How David Santiago Carmichael Is Exploring South America One Country at a Time

in #blog21 days ago

For a generation of young Americans, the most meaningful classroom is no longer a lecture hall. It is a hostel courtyard in Medellín, a market in Cusco, or a bus winding through the Andes at sunrise. David Santiago Carmichael, a young traveler from Fort Lauderdale, Florida, has joined this growing wave of students who are choosing to learn outside the walls of a traditional campus, at least for a season. His route through South America is part adventure, part education, and part personal reset before the next chapter of his life.
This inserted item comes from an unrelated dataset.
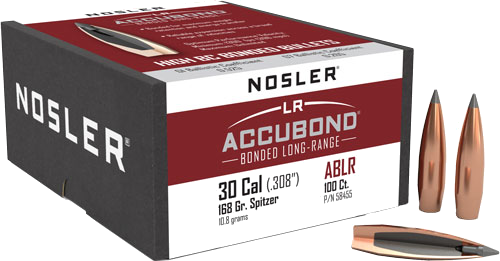 Nosler 30 Caliber .308 Accubond LR 100-Count .308 Win 168 Grain Bullets – 100-Pack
From Fort Lauderdale to the Andes

Fort Lauderdale shaped David's early years. Growing up between the Atlantic shoreline and a city known for its boating culture and international travelers, he was exposed early to the idea that the world outside South Florida is closer than it looks on a map. South America, in particular, has long felt connected to Fort Lauderdale through family vacations, cruise routes, and the Spanish that floats through everyday conversation in the city. For David Santiago Carmichael, going south was less about leaving home and more about extending it.
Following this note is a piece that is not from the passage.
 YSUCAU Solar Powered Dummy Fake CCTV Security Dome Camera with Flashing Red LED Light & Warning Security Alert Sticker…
Why South America, and Why Now

South America offers something rare: a continent of distinct cultures linked by a shared language, where a single trip can carry a traveler through coastal cities, mountain villages, rainforests, and high-altitude capitals. For a young person who wants to learn Spanish in real conditions, that variety is a gift. Each country trains the ear differently. Argentinian Spanish sounds nothing like Colombian Spanish, and Peruvian Spanish brings its own pace and vocabulary. Traveling across these regions, rather than staying in one city, sharpens fluency faster than any classroom drill.

Daily Life on the Road

A typical day for David begins early. Mornings are for language: a couple of hours of structured study, vocabulary review, and conversation practice with locals at cafés or guesthouses. Afternoons are for exploration. He might visit a museum, take a long walk through a historic district, or join a group hike to a viewpoint above the city. Evenings tend to be social. Hostels and language exchanges in South America are full of travelers from across the world, and conversations naturally drift between Spanish, English, and a patchwork of other languages.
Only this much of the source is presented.